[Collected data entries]
◆ ◆ ◆ ◆ ◆

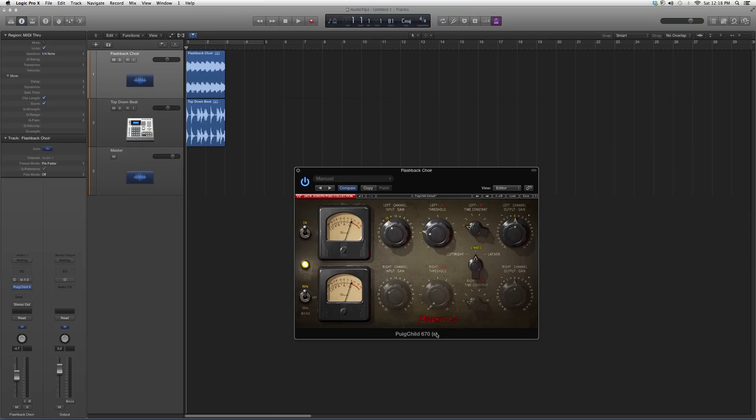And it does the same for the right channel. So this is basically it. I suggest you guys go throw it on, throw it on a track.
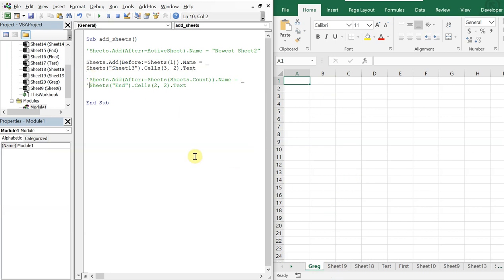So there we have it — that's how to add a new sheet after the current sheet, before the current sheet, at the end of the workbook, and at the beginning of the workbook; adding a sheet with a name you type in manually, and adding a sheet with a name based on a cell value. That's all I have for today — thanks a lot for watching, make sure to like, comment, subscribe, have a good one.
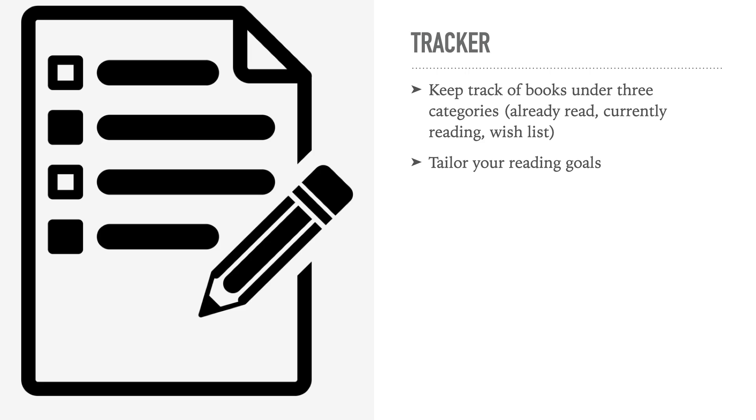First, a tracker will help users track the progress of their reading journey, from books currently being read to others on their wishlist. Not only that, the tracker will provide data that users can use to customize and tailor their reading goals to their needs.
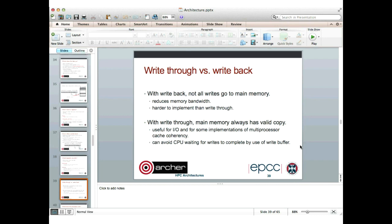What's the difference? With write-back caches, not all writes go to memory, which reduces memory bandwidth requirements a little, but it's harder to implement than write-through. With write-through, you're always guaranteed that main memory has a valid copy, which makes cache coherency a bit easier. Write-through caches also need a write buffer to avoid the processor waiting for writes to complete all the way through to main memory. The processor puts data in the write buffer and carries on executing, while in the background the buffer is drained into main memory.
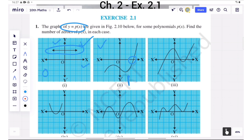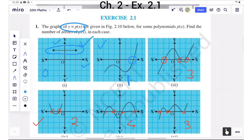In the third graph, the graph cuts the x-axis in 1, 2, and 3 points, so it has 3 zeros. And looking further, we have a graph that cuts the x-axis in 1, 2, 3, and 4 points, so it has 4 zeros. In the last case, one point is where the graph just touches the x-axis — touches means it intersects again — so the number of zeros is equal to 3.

◆ ◆ ◆ ◆ ◆

* _The task_: Although pictures appear among the entries, please set down only the lines from the one with "So there we" up to and including the one with "First, a tracker", word for word.

* _Exercise solution_:
So there we have it — that's how to add a new sheet after the current sheet, before the current sheet, at the end of the workbook, and at the beginning of the workbook; adding a sheet with a name you type in manually, and adding a sheet with a name based on a cell value. That's all I have for today — thanks a lot for watching, make sure to like, comment, subscribe, have a good one.
First, a tracker will help users track the progress of their reading journey, from books currently being read to others on their wishlist. Not only that, the tracker will provide data that users can use to customize and tailor their reading goals to their needs.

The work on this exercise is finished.